*Directions*. Return copies of the lines below that mention "Retro".

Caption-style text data
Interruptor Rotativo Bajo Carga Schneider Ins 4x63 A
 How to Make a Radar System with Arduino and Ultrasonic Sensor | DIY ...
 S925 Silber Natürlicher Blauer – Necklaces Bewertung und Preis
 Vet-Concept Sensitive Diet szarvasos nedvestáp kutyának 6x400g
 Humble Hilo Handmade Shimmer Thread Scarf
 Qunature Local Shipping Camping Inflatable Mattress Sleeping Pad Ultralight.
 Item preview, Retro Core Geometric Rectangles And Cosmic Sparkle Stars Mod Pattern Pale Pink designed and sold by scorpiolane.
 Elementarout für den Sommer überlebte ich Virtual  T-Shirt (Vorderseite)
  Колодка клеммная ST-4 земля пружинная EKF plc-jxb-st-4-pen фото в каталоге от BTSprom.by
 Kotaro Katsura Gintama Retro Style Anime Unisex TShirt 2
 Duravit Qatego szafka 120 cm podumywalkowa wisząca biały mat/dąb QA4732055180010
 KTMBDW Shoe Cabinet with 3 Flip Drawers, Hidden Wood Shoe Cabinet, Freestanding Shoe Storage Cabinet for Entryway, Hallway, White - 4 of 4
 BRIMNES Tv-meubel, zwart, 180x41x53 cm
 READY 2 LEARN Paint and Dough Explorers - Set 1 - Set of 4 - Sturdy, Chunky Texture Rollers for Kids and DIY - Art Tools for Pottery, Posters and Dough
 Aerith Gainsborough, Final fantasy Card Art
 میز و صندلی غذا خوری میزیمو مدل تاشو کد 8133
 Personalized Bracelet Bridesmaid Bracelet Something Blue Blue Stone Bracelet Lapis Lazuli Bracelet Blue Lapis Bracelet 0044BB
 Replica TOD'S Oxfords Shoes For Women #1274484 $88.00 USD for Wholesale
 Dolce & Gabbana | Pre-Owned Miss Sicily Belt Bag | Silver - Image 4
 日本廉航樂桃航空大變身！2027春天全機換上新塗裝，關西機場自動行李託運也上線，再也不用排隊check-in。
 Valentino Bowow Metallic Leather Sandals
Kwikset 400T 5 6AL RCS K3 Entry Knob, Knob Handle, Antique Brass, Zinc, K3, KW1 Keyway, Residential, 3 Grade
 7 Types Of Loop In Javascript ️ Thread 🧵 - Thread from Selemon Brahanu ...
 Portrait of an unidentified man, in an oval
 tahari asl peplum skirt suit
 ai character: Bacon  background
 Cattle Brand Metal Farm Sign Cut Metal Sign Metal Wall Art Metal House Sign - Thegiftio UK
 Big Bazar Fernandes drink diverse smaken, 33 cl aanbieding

*Solution to the problem*.
 Item preview, Retro Core Geometric Rectangles And Cosmic Sparkle Stars Mod Pattern Pale Pink designed and sold by scorpiolane.
 Kotaro Katsura Gintama Retro Style Anime Unisex TShirt 2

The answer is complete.